THE INPUT.
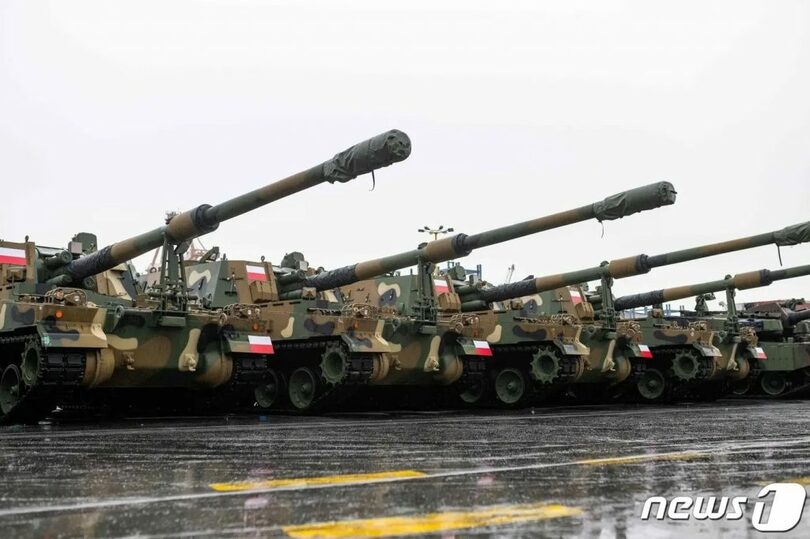 ポーランド・グディニャの海軍基地に到着したK-2戦車とK-9自走砲(c)AFP/news1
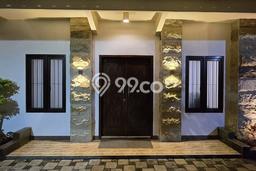 Rumah Bagus kawasan Menganti, Gresik, Luas 441m2m² Bangunan 120m2m² HARGA MENARIK! Rumah Bagus kawasan Menganti, Gresik, Luas 441m2m² Bangunan 120m2m² HARGA MENARIK!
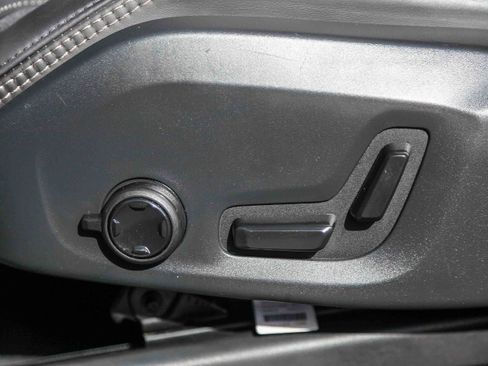 Used 2023 Volvo XC60 T8 Ultimate image 21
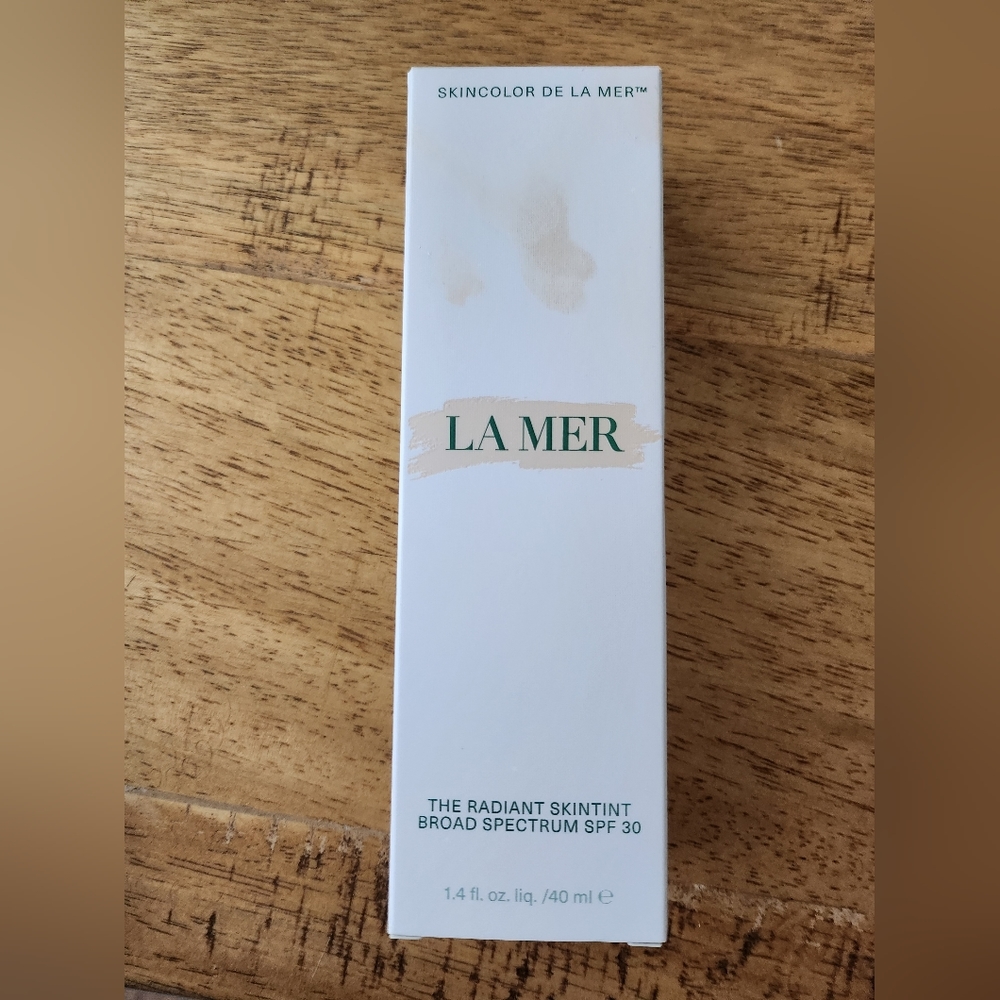 LA MER the radiant skin tint broad spectrum SPF30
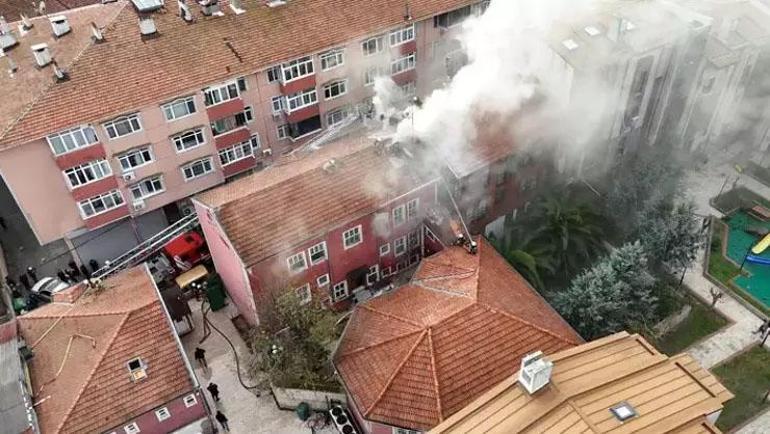 İstanbul Fatihte dergahta yangın paniği Bitişiğindeki tahta bina kül oldu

TASK INSTRUCTIONS. Copy out, unchanged, the span of lines beginning with the one that includes "LA MER the radiant" and running through the final line of the material above. Leave the pictures out.

SOLUTION TO THIS EXERCISE.
 LA MER the radiant skin tint broad spectrum SPF30
 İstanbul Fatihte dergahta yangın paniği Bitişiğindeki tahta bina kül oldu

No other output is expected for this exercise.